33. The following contentions were raised in this appeal.
(a) Consideration under Ex. B series of which four items are impugned namely Rs. 8,000, Rs. 4.000, Rs. 15,000 and Rs. 15,000. It is contended that as regards the first it was a gift. It appears to have been paid to plaintiff 1 for the construction of a house which the Raja says in his evidence in suit No. 60 of 1897 to have not yet been constructed. On the other hand later on in his deposition the Rajah said he did not give any money to plaintiff 1 for building the house. It appears as an amount given for "building the house in Ramnad." In the plaintiff's accounts at p. 34 of the documents and also p. 710 of the printed records in A.S. 106 of 1923 (O.S. No. 6 of 1922), Rs. 4,000 stands on the same footing. The Rajah said in the same deposition Rs. 4,000 was given to the plaintiff's agent as Dhanam for the construction of a house for him.
34. The truth is these two sums seem to have been drawings on a credit arranged with the plaintiff's father. If they were presents it is rather remarkable that the Rajah should make presents with money provided by his principal creditor. The oral evidence seems to be unreliable and in his evidence in A.S. No. 106 of 1923 given in 1903 the Rajah appears to have a clearer impression of what took place than he had in the evidence given in 1898. In my opinion, the appellant must fail as regards these two sums.
35. As to the 4th item that must also be disallowed. Some mutual arrangement is spoken to by the Rajah in his deposition in the 1897 suit by which this Rs. 15,000 was paid as consideration for the grant of a certain village. See p. 709 of the printed records in O.S. No. 106 of 1923 (O.S. 6 of 1922). In the absence of the production of account books on the appellant's aide to which the Subordinate Judge makes reference it is impossible to say that those sums which appear in the books of the plaintiff and which there is absolutely no reason to suspect can be disallowed.

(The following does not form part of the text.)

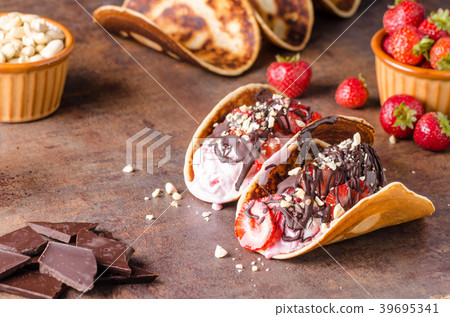 Homemade tacos with ice cream Homemade tacos with ice cream 39695341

36. As to the third sum, also Rs. 15,000 there is perhaps a title more difficulty. The Rajah in his deposition says that the plaintiff put it to him that he should discharge this sum as a moral debt since it was due by his father. (P. 710 of the Blue book.") It appears in the plaintiff 's accounts, Ex. H. The contention is that the present defendant 1 cannot be liable for barred debt of his father included as it is in Ex. B (1). But the answer to that seems to be as follows This is an impartible zamindari and prior to the Impartible Estates Act the whole estate is liable for the father's debt in the hands of his successor who is bound to pay from the assets of the father in his hands. The argument on the other side seems to rest on a misconception of the effect of Section 25, Contract. Act, that the debt must be that of the promisor himself. There is also the fact that payment of a barred debt may be consideration for fresh transactions and very likely formed an item of consideration in the present instance. The Subordinate Judge disallowed this objection and observed that there is absolutely no evidence on the defendant's-side, defendants 1 to 3 having withheld-the accounts of the late Rajah. In my opinion therefore all these sums must be allowed.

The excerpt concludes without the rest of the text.